The bivariate plot doesn’t seem to fit well into a bivariate normal distribution.

(b) linear disciminant function

\[\begin{equation} \begin{split} \hat{y} &= (\bar{\bm{x}}_1 - \bar{\bm{x}}_2)^T S_{pool}^{-1} ~ \bm{x}_0 \\ &= \bm{a}^T \bm{x}_0 \\ &= \begin{pmatrix} 19.319 & -17.124 \end{pmatrix} \bm{x}_0 \end{split} \tag{1} \end{equation}\]

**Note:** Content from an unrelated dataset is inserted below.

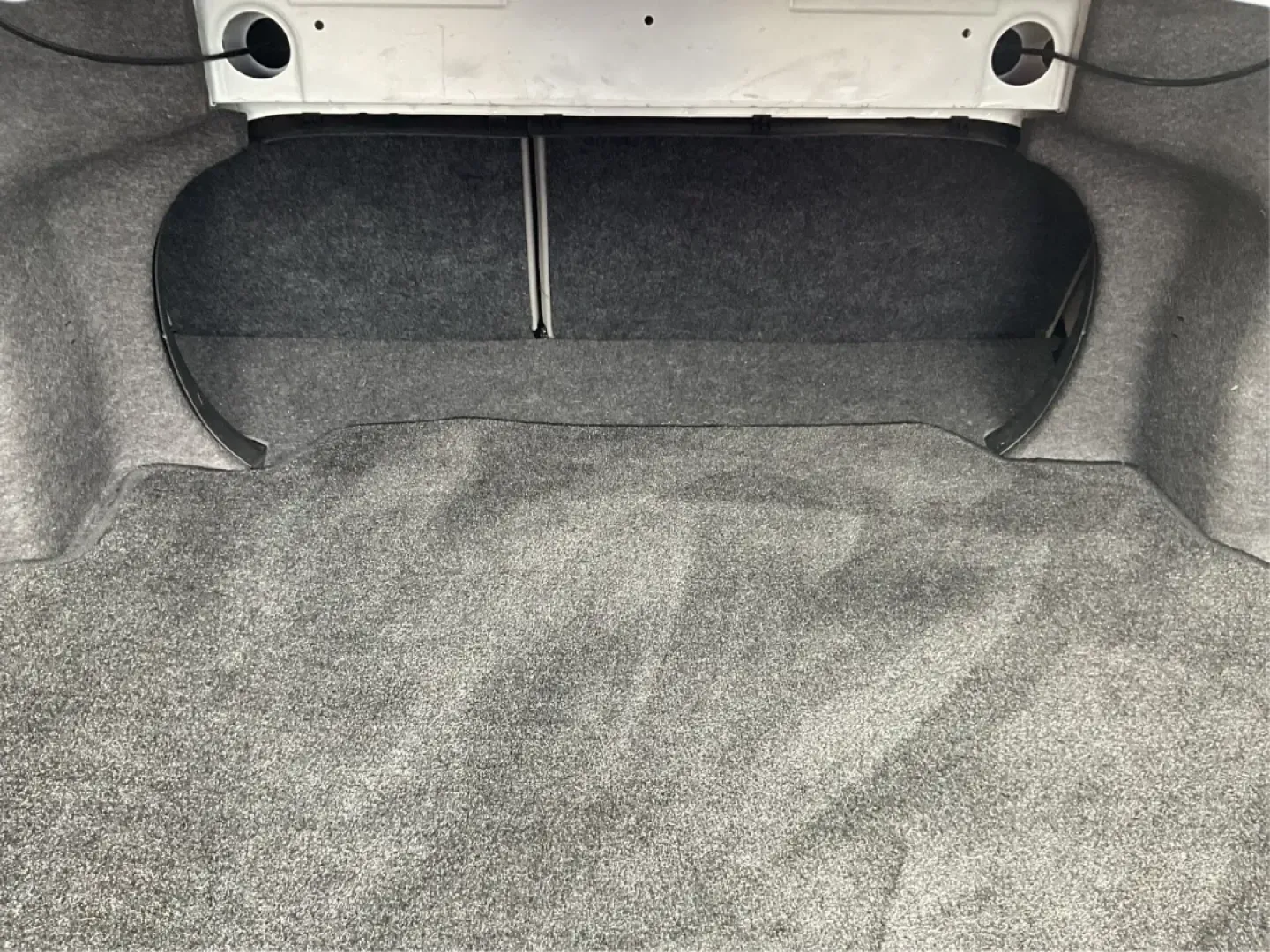 2008 Toyota Camry LE | SE | XLE (4T4BE46K18R) with an 2.4L I-4 DOHC engine, located at 4508 South Dixie Dr, Moraine, OH, 45439, (937) 908-9800, 39.689976, -84.218452 - Are you on the hunt for a reliable sedan that blends comfort and style with unbeatable affordability? Look no further! The 2008 Toyota Camry LE, available at Advantage Car and Credit in Riverside, OH, is the perfect vehicle for anyone seeking a dependable ride for daily commutes or family outings. W - Photo#12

Then allocate \(\bm{x}_0\) to \(\pi_1\) if:

\[\begin{equation} \begin{split} \hat{y} &\geq \frac{1}{2} (\bar{\bm{x}}_1 - \bar{\bm{x}}_2)^T S_{pool}^{-1} ~ (\bar{\bm{x}}_1 + \bar{\bm{x}}_2) \\ &= \frac{1}{2} \bm{a}^T (\bar{\bm{x}}_1 + \bar{\bm{x}}_2) = -3.559 \end{split} \tag{2} \end{equation}\]

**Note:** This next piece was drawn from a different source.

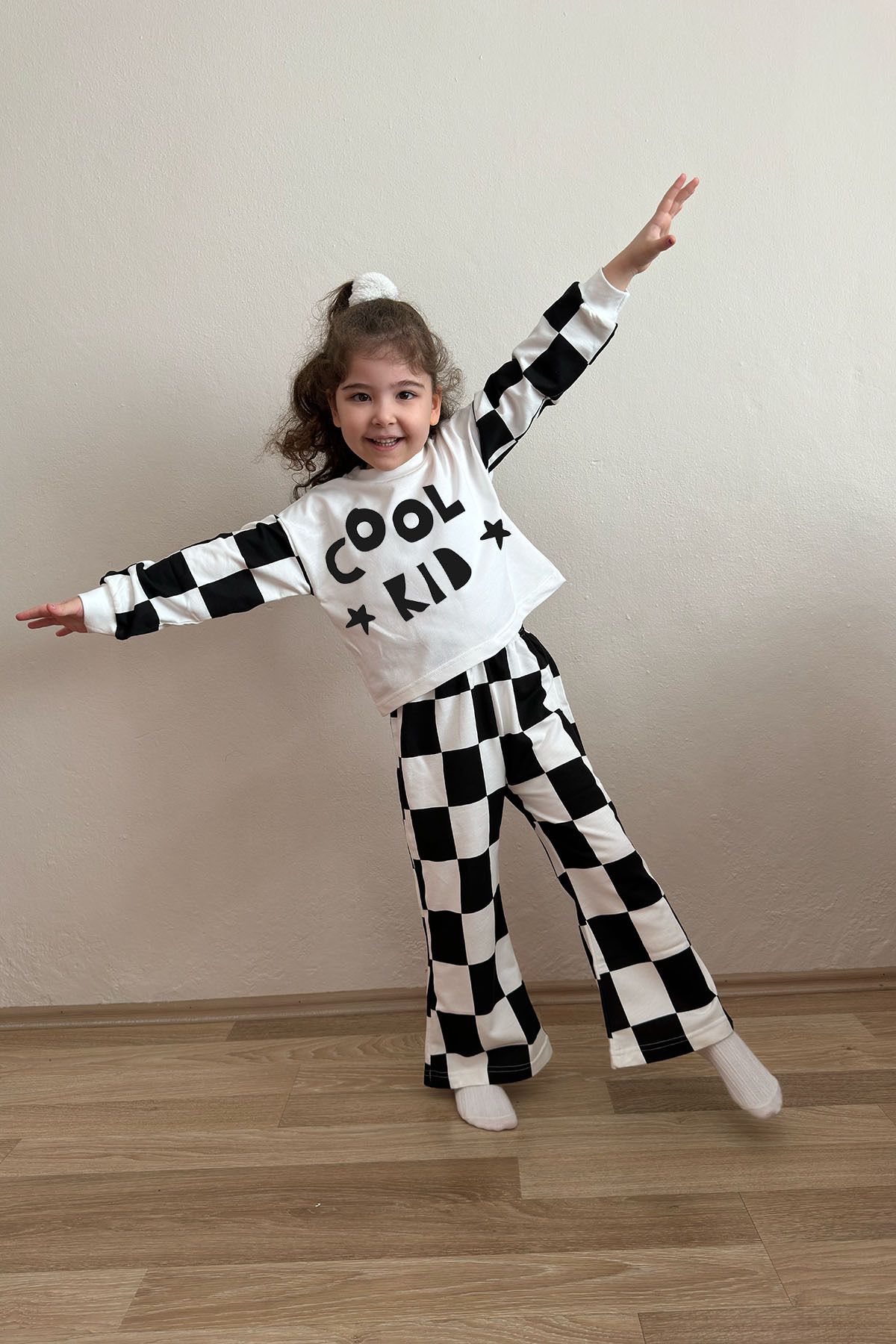 Peki-Set Crop Oversize Spaniol Starry în carouri alb-negru pentru 5 copii - Cadou Baggy 15290 6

where, \(\bar{\bm{x}}_1 =\begin{pmatrix} -0.135 \\ -0.078 \end{pmatrix}, \bar{\bm{x}}_2 = \begin{pmatrix} -0.308 \\ -0.006 \end{pmatrix}\)

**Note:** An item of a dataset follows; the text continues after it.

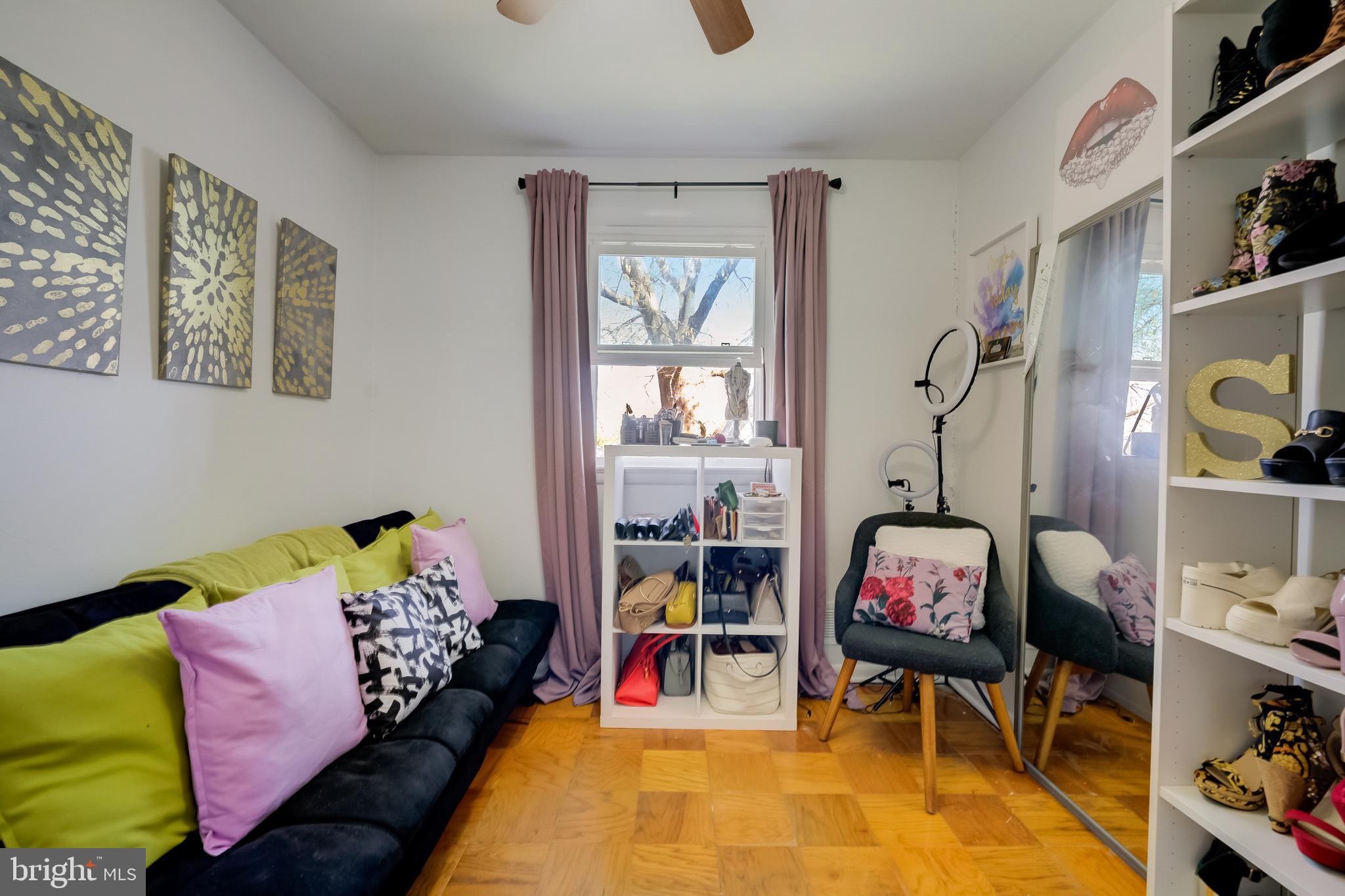 BEECHWOOD SQUARE - Residential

The linear discriminant function is:

\[\begin{equation} 19.319 x_{0,1} -17.124 x_{0,1} + 3.559 \tag{3} \end{equation}\]

The confusion matrix constructed with the holdout procedure is

Group 1 Group 2
1 26 4
2 8 37

, and the estimated error rate is 0.16.

The misclassified observations are No. 3, 5, 7, 17, 32, 35, 58, 62, 63, 64, 67, 69, labeled “M” in the plot below.

(c)

By eq. (1) and eq. (2), \(\hat{y}_0 = 2.614 \geq -3.559\). Hence, it is allocated to Group 1.

(d)

Classification rule based on posterior probabilities is equivalent to classification rule based on minimizing TPM.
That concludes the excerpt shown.